I just had a home inspection client cancel his home inspection this past Monday on a vacant home. The Realtor and plumber met at the property in the morning to turn the water on and reported that there was standing water in the basement that was seeping in through the foundation. As a result, the client decided to cancel his offer on the property.
I can only guess the reason for the water intrusion, but as I discuss with all of my home inspection clients, Gutters and Down Spouts, when properly installed can go a long towards helping to keep your basement dry.
The number one culprit for causing water penetration into the basement of a house is rain gutter downspouts discharging rain water right alongside the foundation. All downspouts should discharge the water at least five feet or more from the foundation. If a downspout is discharging water right alongside the foundation, I recommend installing downspout extensions. That is an easy job that most people can do themselves.
Getting the water away from the foundation will help to avoid water penetration into the basement. Close-to-the-house downspout discharge is not the problem of all water problems in the basement, but it is certainly one of the major ones. If a water penetration problem develops in the basement, before you call in a waterproofing contractor, check the downspout discharge area.
As already mentioned the correction may be as simple as installing extensions on the downspouts and discharging the water away from the house.

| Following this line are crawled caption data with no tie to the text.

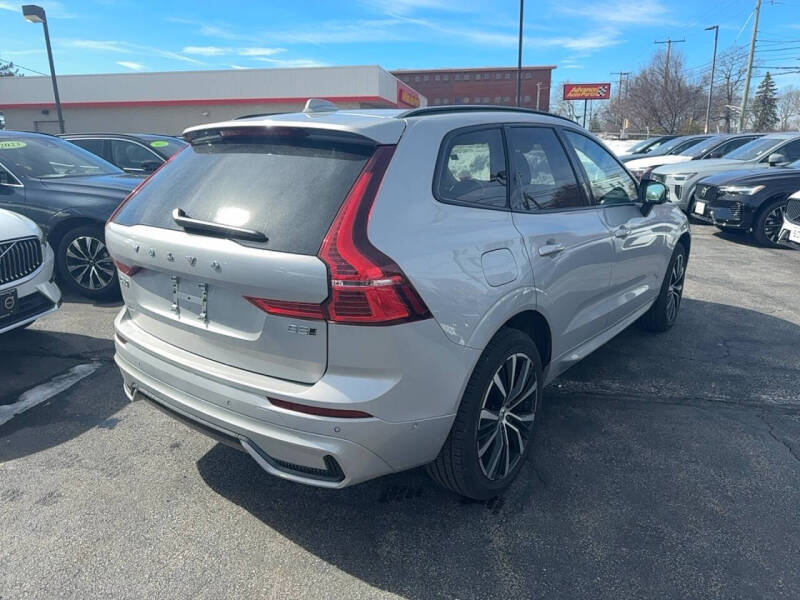 2025 Volvo XC60 B5 Plus Dark Theme
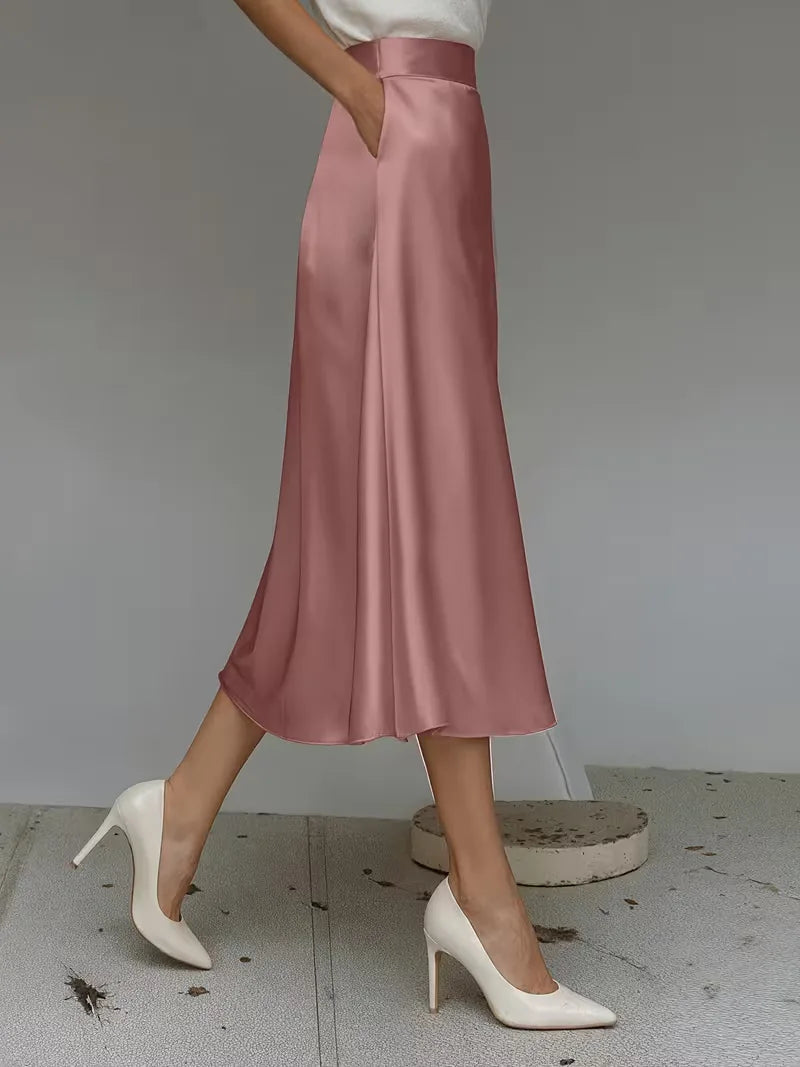 Jupe midi en satin à taille haute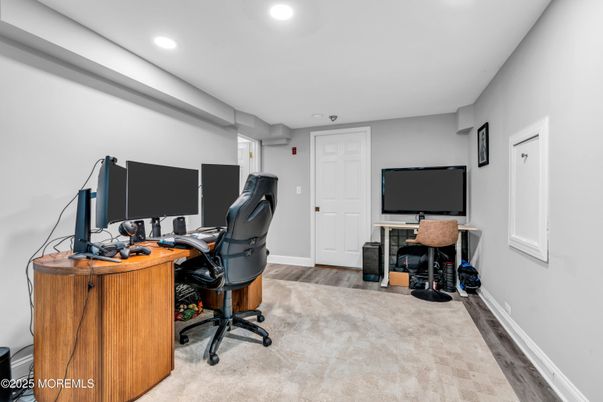 Home Office, Interior, Recessed Lighting, Wood Texture Flooring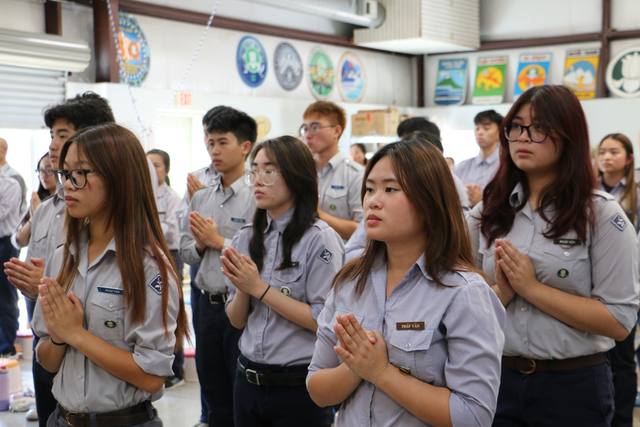 Học viên chắp tay trong nghi lễ
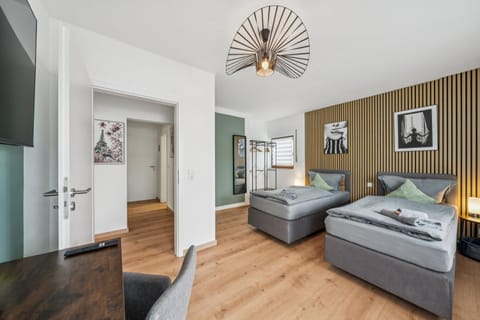 Bed, TV and multimedia, wardrobe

One other tip on water penetration and downspout discharge, if your downspout discharges to an under ground discharge pipe and you are getting water penetration in the downspout area, you may have a damaged underground discharge pipe. That pipe may be discharging water right alongside the foundation causing the water intrusion. To determine whether or not the in-ground pipe is damaged and causing the problem, disconnect the downspout from the in-ground pipe and put a five foot extension on the downspout. This will allow the water discharge to occur above the ground. If the water penetration into the basement stops, is will be evident that the broken in-ground pipe line is the problem. If that’s the case, you can either dig up and repair the pipe or just stay with the above ground discharge extension.